Presbyopia And Types Of Bifocal Lenses

Presbyopia and Reading Glasses: Options on Bifocal Lenses and Contact Lenses, their types, construction and function.

"To be, or not to be!" If you've answered Shakespeare's pithy declaration in the affirmative and have made it past the age of forty, the next question yielded by life is, "To read, or not to read!" You see (no pun intended), after forty years of age, most people develop presbyopia. Essentially what this means is that the crystalline lens inside the eye, behind the pupil, loses its suppleness and thus its ability to focus for close activities such as reading, sewing, etc.

Everyone knows the remedy for "short arms": reading glasses. But of course, these days it isn't as simple as grabbing a pair of "specs," though many people do this daily at drug store counters across the nation. To have your particular vision needs correctly addressed, it is necessary to have a complete eye exam by an optometrist or an ophthalmologist. Once you have the prescription, you will have to decide on what type of corrective lens is right for you.

Essentially there are four types of lenses to choose from.
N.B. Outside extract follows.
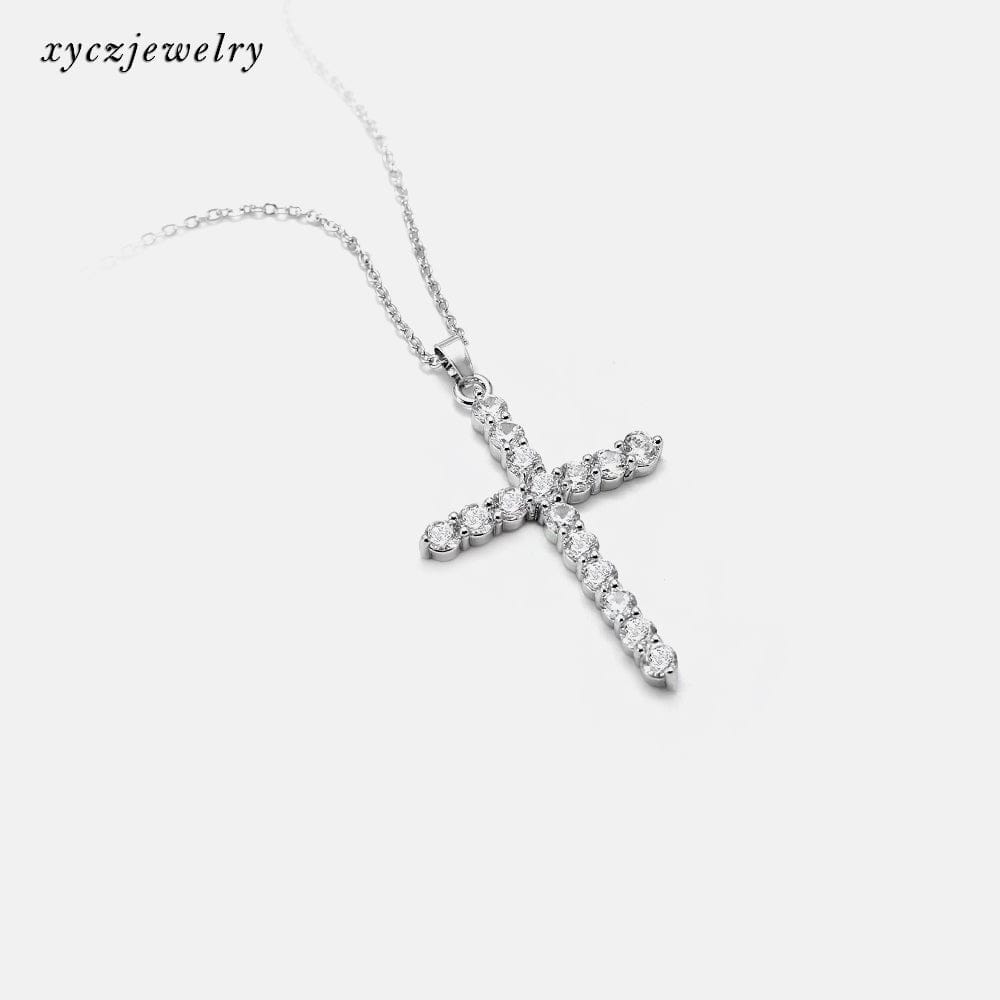 Conjunto Cruz Cravejado XYS100981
The first are single vision lenses, meaning the entire lens is ground to your specific reading power. The advantage of getting them from an optical store as opposed to getting them from the drugstore is that each eye will be prescribed its required power. Though single vision lenses provides the absolute clearest reading field in terms of width and clarity, the drawback is not having distance vision, which means you have to continually take them on and off.



The second type is called a bifocal. It has a straight line, usually, with distance vision at the top and reading at the bottom. Its most glaring incarnation is the executive bifocal, which has something more like a ridge across the entire surface of the lens. Draftsman and people who have to unfurl large blue prints, while having to look up and down, prefer this design. Though there are some round designs, the straight top design, that varies in width from 25 to 45 millimeters, is the most common. This design addresses most general visual needs.

The third type is called a trifocal and, as its name suggests, it has three focal distances. The third focal distance is in the middle and is for intermediate distances not covered by the distant or near vision segments. This design would be more helpful for a typist, say, who has material spread on a desk at different distances.

The fourth type""and one that is gaining popularity, as sterling technology gets better, is the progressive lens. The progressive lens not only renders what is closest to natural vision; it doesn't have visible lines, which make it cosmetically appealing, as well.

All of the aforementioned lenses can be had with a colorful yet utilitarian "tint." Certain colors can be added to the lens to accommodate different work/office/lifestyle situations, even different colored computer screens! Some are even photochromic, meaning they change in sunlight. All of them come in CR-39, a plastic, thus are lightweight. Photochromic lenses, among many others, are only available via special providers. Online contact lens providers are your best bet, as most local branches of eye care companies like Lens Crafters only carry basic CR-39 lenses.

If you absolutely hate "specs," they actually make contact lens bifocals! They come in three types. Some of them are actually designed like the larger lenses, with clearly demarcated far and near visual zones. These are known as alternating vision designs. A second design is called simultaneous and has both distance and near vision zones centered on the cornea. Another is prescribed to be used monocularly, meaning that distance power is put in one eye and reading in the other. The brain somehow knows which one to shut on and off, given one's activity at the time. It takes a bit of work and is not good for everyone, but those who can use them swear by them.

So, there you have it. Me thinks that in days of yore they could do aught but curse the darkness, even with candles lit. But, today, one can use one or a combination of the available technology to make sure that it is, indeed, poor Yorick.